EXERCISE DATA:
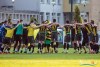 1759IMG_6565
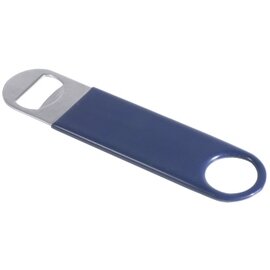 cap lifter plastic stainless steel blue  L 180 mm product photo
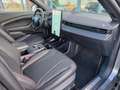 Ford Mustang Mach-E 99 kWh // AWD // Extended Range //  First Edition Gris - thumbnail 14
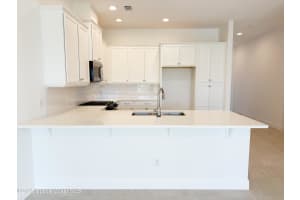 7780 Cache Creek Lane, Melbourne, FL 32940 - MLS#1021631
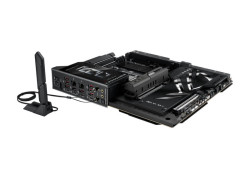 ASUS AM5 X870E ROG CROSSHAIR X870E EXTREME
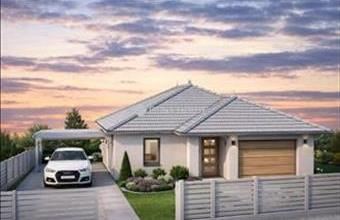 Eladó Érdi családi ház hirdetés (27635774)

REQUIREMENT: Your reply should hold only the lines running from the one with "Ford Mustang Mach-E" to the end of the data above, set down exactly, pictures omitted.

OUTPUT OF THE EXERCISE:
 Ford Mustang Mach-E 99 kWh // AWD // Extended Range //  First Edition Gris - thumbnail 14
 7780 Cache Creek Lane, Melbourne, FL 32940 - MLS#1021631
 ASUS AM5 X870E ROG CROSSHAIR X870E EXTREME
 Eladó Érdi családi ház hirdetés (27635774)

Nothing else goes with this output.